Supplemental Coverage Option: A Crop Insurance Solution for Fruit & Row Crop
7/15/2020
Phillip Preston, GreenStone Crop Insurance Specialist
Blueberries
 

It's hard to sleep at night when a huge storm, frost, or drought is looming. Those big events that affect the whole neighborhood can be disastrous and hard to recover from. Just say "2012" to any fruit grower and watch them shudder with bad memories. In 2012 we didn't have all the risk mitigation solutions we have now. 

 

In 2015, the Risk Management Agency (RMA) released the Supplemental Coverage Option (SCO), as an enhancement to Actual Production History (APH), Yield Protection (YP), Revenue Protection (RP), and Revenue Protection with Harvest Price Exclusion (RP-HPE).  SCO is one of the more attractively priced products and is subsidized at 65%, making it one of the most cost-effective ways to enhance coverage and manage risk. It is available as a supplement to CAT as well as the higher tier coverages.

 

SCO follows a grower’s existing policy by starting where the underlying policy stops and taking that coverage to 86%. Remember that most fruit APH policy’s max out at 75% and are often expensive to obtain that level of coverage. Uniquely, SCO pays losses based on an area-wide-loss, not on the individual experience. The coverage begins where a producer’s primary policy leaves off, and extends to 86% of their production history. 

 

For example, if a producer has a CAT policy that covers 50% of their production, then they are gaining an additional 36% of their average. Losses are paid based on county performance. If the county (or in some cases multiple counties) slips below 86% of their projected production per acre, then losses are automatically paid to the grower based on their average history. If the county (or counties) are at 80% of the projection, the producer will get paid 6% of their average (86% - 80% = 6%). These losses would be paid regardless of a producer’s individual experience.

 

So why might you like this coverage? 

  1. The cost. It one of the cheapest solutions available to growers. 
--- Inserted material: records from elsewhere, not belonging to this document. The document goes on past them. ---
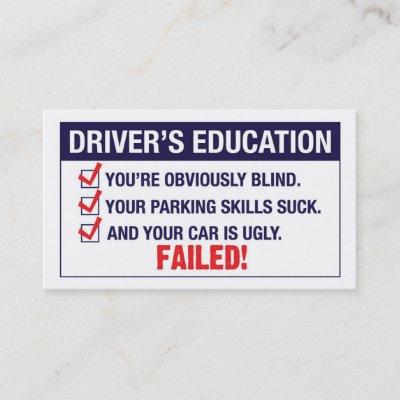 Driver's Education FAILED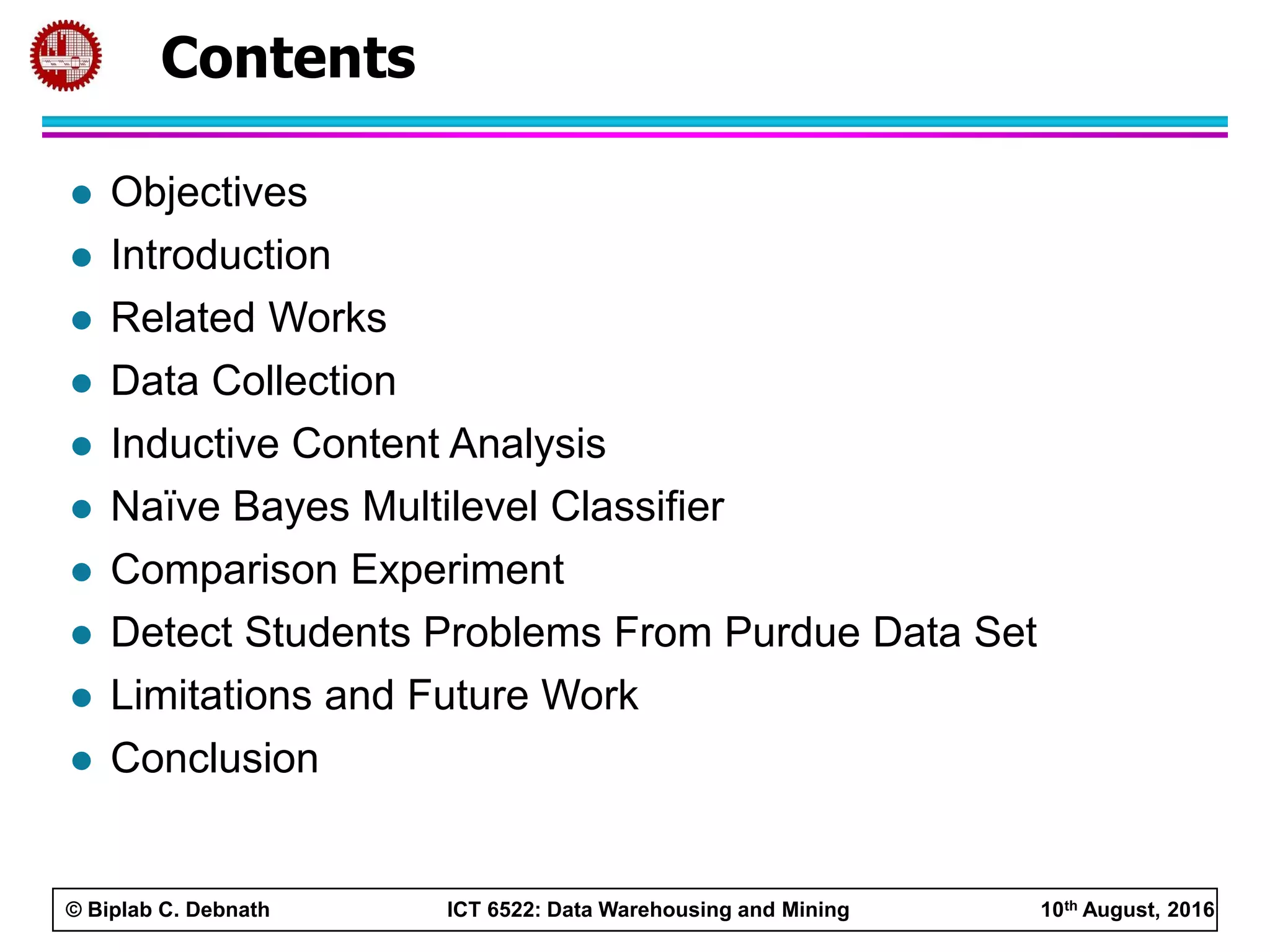© Biplab C. Debnath ICT 6522: Data Warehousing and Mining 10th August, 2016
Contents
 Objectives
 Introduction
 Related Works
 Data Collection
 Inductive Content Analysis
 Naïve Bayes Multilevel Classifier
 Comparison Experiment
 Detect Students Problems From Purdue Data Set
 Limitations and Future Work
 Conclusion
 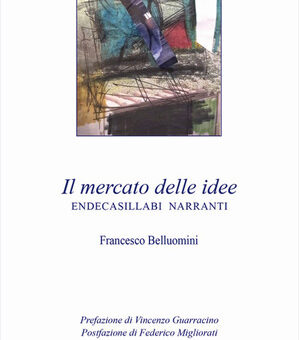 “Il mercato delle idee” di Francesco Belluomini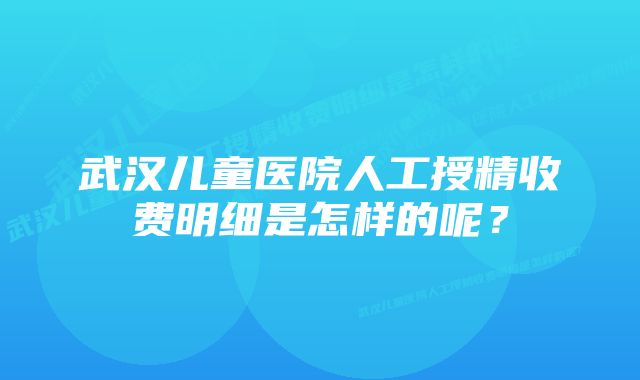 武汉儿童医院人工授精收费明细是怎样的呢？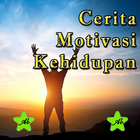 Cerita Motivasi Kehidupan icône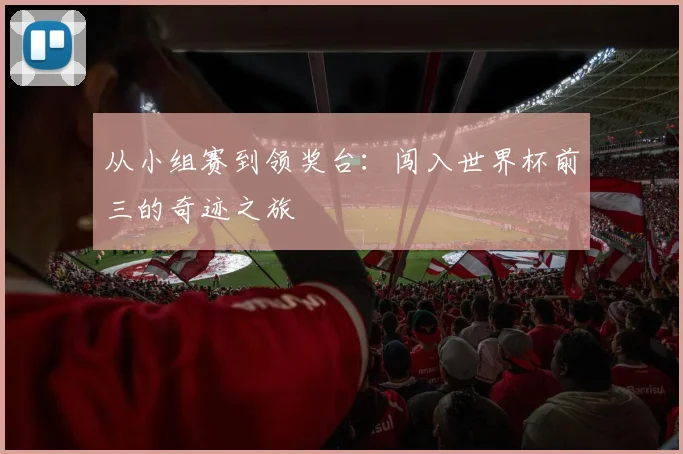 从小组赛到领奖台：闯入世界杯前三的奇迹之旅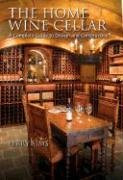 The Home Wine Cellar: A Complete Guide to Design and Construction, Sims, Perry,  comprar usado  Enviando para Brazil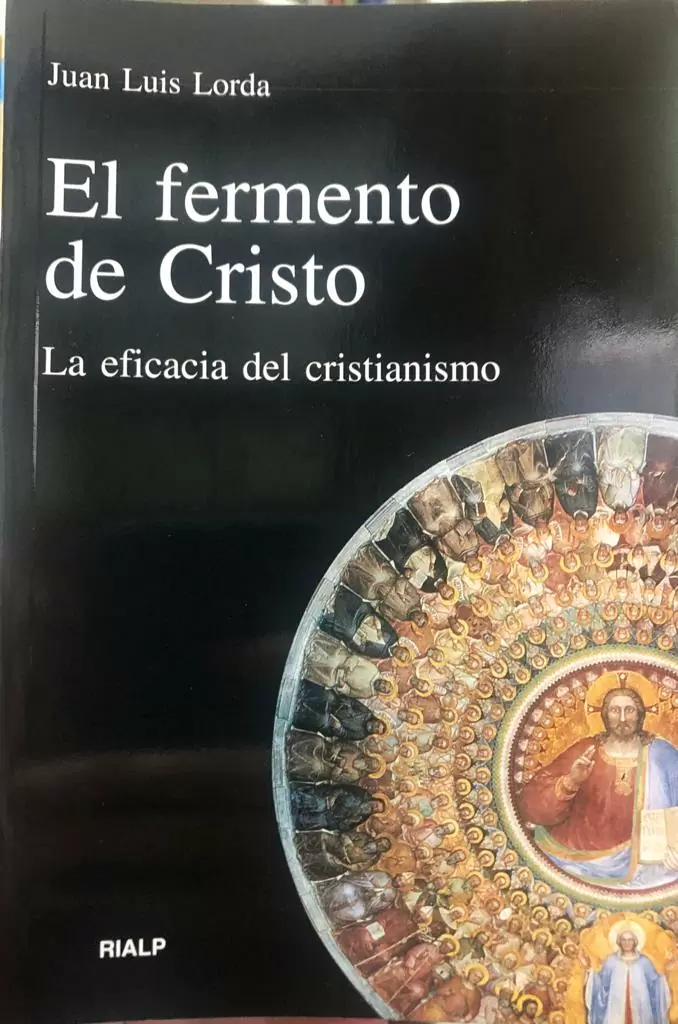 El fermento de Cristo. La eficacia del Cristianismo.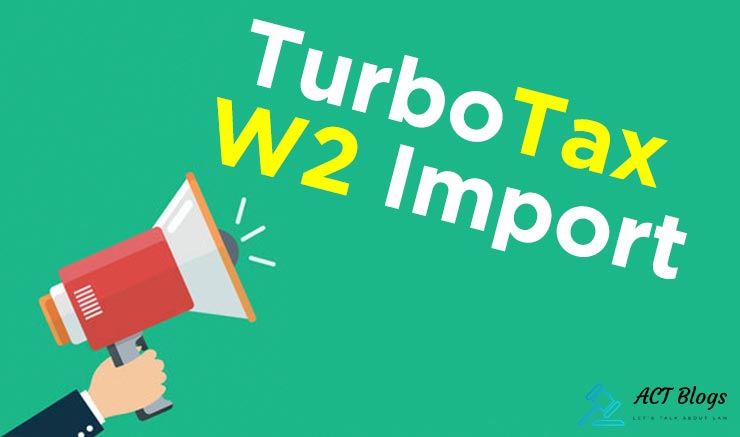 The Smartest and Easiest Way to Import W-2 Form – Using TurboTax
   2. It’s a little more predictable. We can look back 20+ years and see when and where this policy would have triggered a payment for the grower. 

  3. It provides a security against those “BIG” events that keep everyone awake at night. If there had been SCO in 2012, many growers would have slept better. Sometimes you can’t fight Mother Nature, and usually your neighbors and most of the county are going to be in the same situation. 
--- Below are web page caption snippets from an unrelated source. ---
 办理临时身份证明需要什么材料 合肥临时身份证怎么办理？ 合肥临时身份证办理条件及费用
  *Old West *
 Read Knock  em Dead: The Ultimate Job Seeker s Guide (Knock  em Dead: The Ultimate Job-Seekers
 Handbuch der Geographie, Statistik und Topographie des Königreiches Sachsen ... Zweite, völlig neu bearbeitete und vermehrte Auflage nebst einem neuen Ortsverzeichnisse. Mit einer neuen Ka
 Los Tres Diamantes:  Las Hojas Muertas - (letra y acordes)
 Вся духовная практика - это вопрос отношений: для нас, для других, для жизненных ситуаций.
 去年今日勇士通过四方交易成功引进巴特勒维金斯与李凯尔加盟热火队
  4. It’s available to many fruit growers! This one is rare, as there isn’t usually a lot of supplements for fruit growers, which typically leaves them with a substantial gap to self-insure. 

  5. SCO offers growers with young perennials that have a poor historical average, a chance at legitimate coverage. It is common for young blocks of perennial fruit to have a historical average that doesn’t represent the blocks’ expectations. That makes it difficult to trigger a claim even though you’ve experienced legitimate losses.

 

For 2020, SCO was available for apples, blueberries, grapes, peaches, and more. (SCO is also available for many of row crops, as long as the producer did NOT select ARC from FSA.)

 

SCO doesn’t work for everything. For example: a hailstorm hits only you; not the county. SCO probably won’t help, but your base policy will. 
Or, a frost event killed 40% of your bloom. SCO will probably help because it probably hit everyone! 

 

Is SCO right for your farm? Maybe. A crop insurance specialist well-versed in all available options should always be consulted when determining what coverage is right for your farm. No operation is the same as another. Your risks and goals should always be mindfully evaluated every year.